Karl Marx Was a Tea Partier

May 28th, 2013 - 1:31 pm

If you think of yourself as a Marxist or a progressive, you need to read this. (Tea Partiers may want to steer clear.)

Marxist theory can be summarized in two distinct ways.

The first view (held mostly by its detractors) is that Marxism is little more than the politics of resentment — a philosophical justification for the hatred of success by those who failed to achieve it. The politics of resentment offers three different methods for bringing its program of economic jealousy to fruition: Under socialism, the unsuccessful use the power of government to forcibly extract wealth and possessions from the successful, bit by bit until there is nothing left; under the more extreme communism, the very notion of wealth or success is eliminated entirely, and anyone who seeks individual achievement is punished or eliminated; and finally under anarchy, freelance predators would be allowed to steal or destroy any existing wealth or possessions with no interference from the state.
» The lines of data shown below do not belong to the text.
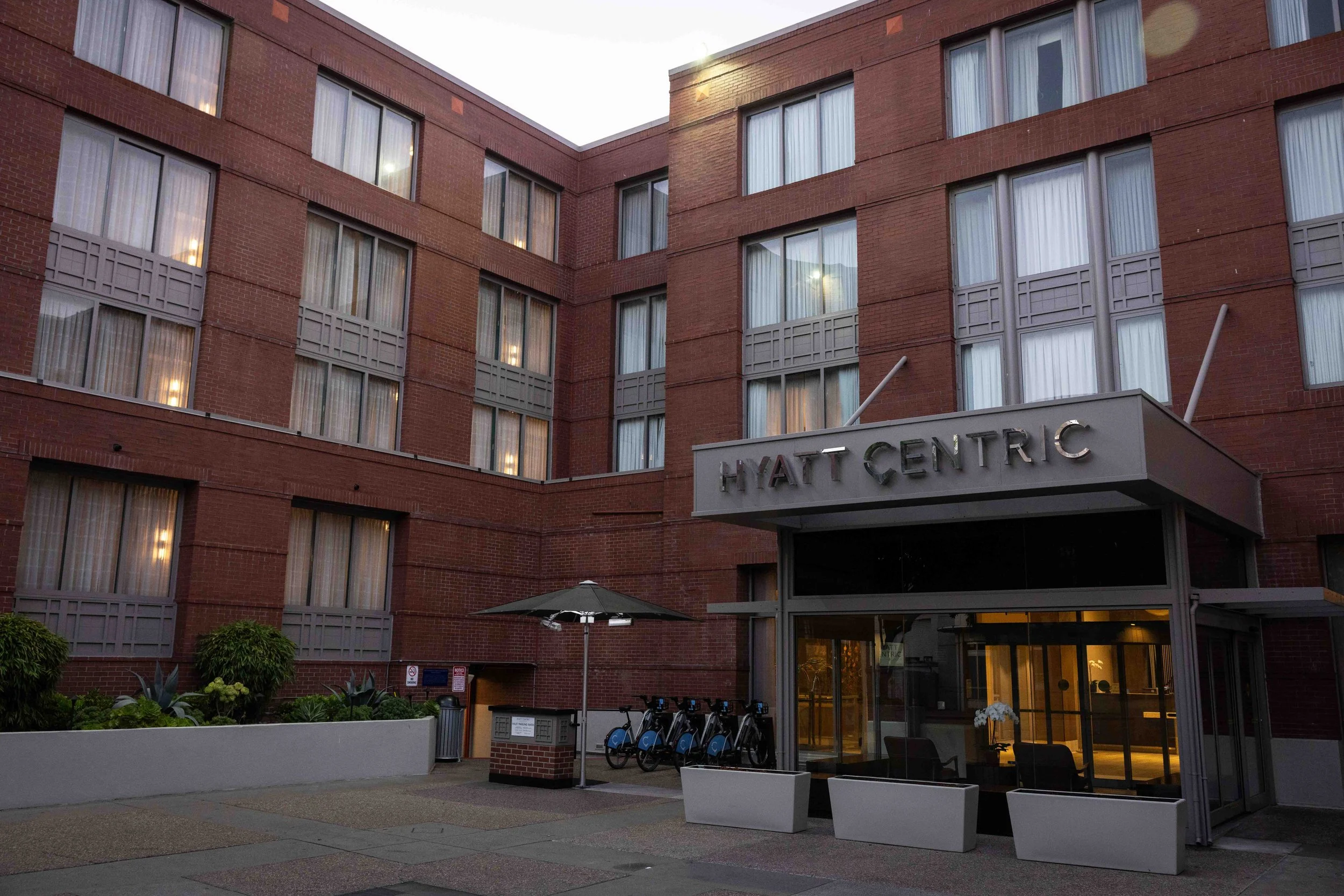 The exterior of the Hyatt Centric hotel building with multiple apartment windows, a small outdoor seating area, and a row of bicycles parked in front.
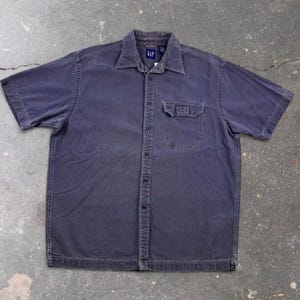 Puede incluir: Una camisa de manga corta con botones en un color gris carbón deslavado. La camisa presenta un cuello estándar, un bolsillo en el pecho con solapa abotonada y una tapeta central con botones. La etiqueta interior muestra la marca GAP.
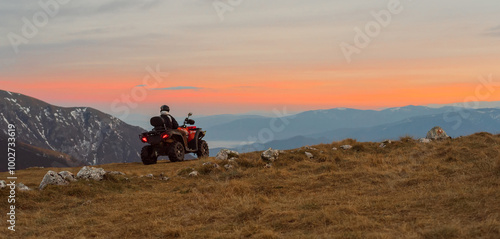 Riding quad bike atv on the mountain top adventure travel.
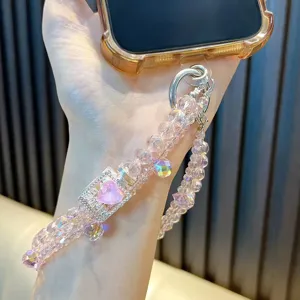 Elegant pink crystal beaded phone strap with heart perfume bottle pendant for bags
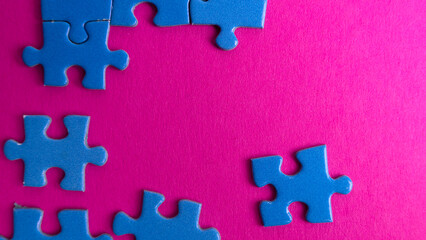 scattered puzzle pieces on colored background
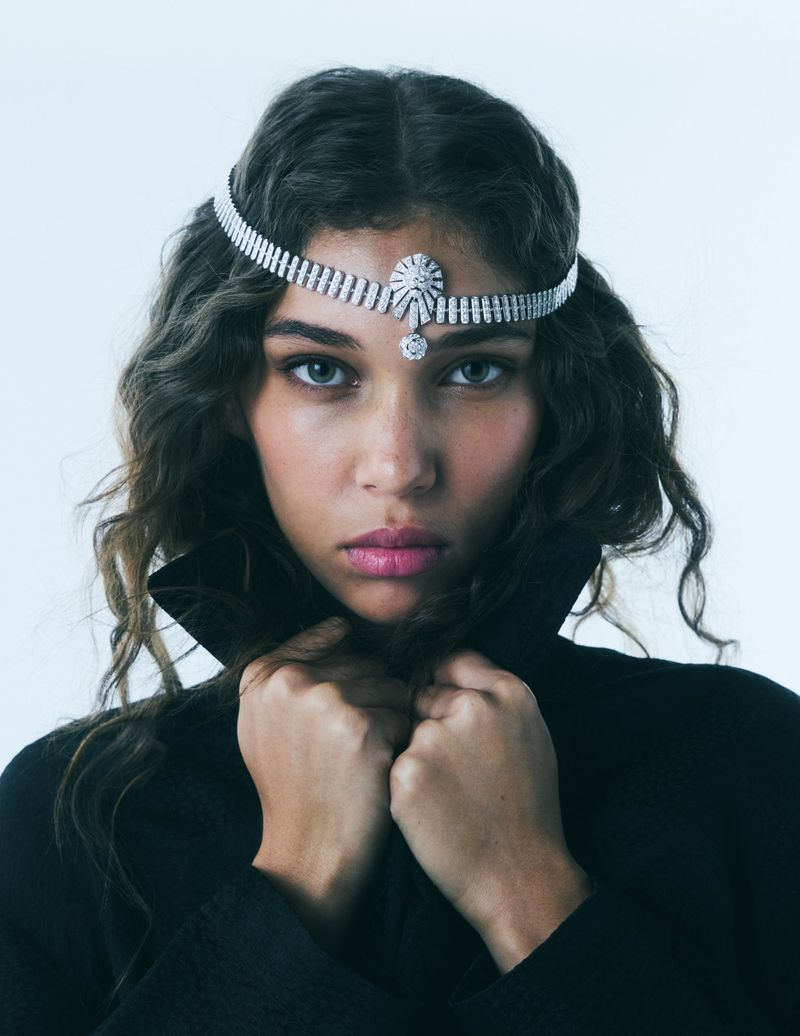 Model Latahlia Hickling wearing a diamond headpiece and high-collared black coat against a light studio backdrop.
Marx himself saw pure communism as the ultimate goal, with socialism as a necessary precursor, and perhaps just an occasional dash of anarchy to ignite the revolutionary fires.

But there is another, more intriguing and less noxious, view of Marxist thought that gets less attention these days because its anachronistic roots in the Industrial Revolution seemingly render it somewhat irrelevant to modern economics. Marx posited that factory workers should own the factory themselves and profit from its output, since they’e the ones actually doing the work — and the wealthy fat cat “capitalists” should be booted out of the director’s office since they don’t really do anything except profit from other people’s labor. Marx generalized this notion to “The workers should control the means of production,” and then extended it further to a national scale by declaring that the overall government itself should be “a dictatorship of the proletariat,” with “proletariat” defined in this context as “someone who actually works for a living.” The problem with this theory in the 21st century is that very few people actually work in factories anymore due to exponential improvements in automation and efficiency, and fewer still produce handicrafts, and the vast majority of American “workers” these days don’t actually create anything tangible. Even so, there is an attractive populist rationality to this aspect of Marxism that appeals to everyone’s sense of fairness — even to those who staunchly reject the rest of communist theory. Those who do the work should reap the benefits and control the system; hard to argue with that.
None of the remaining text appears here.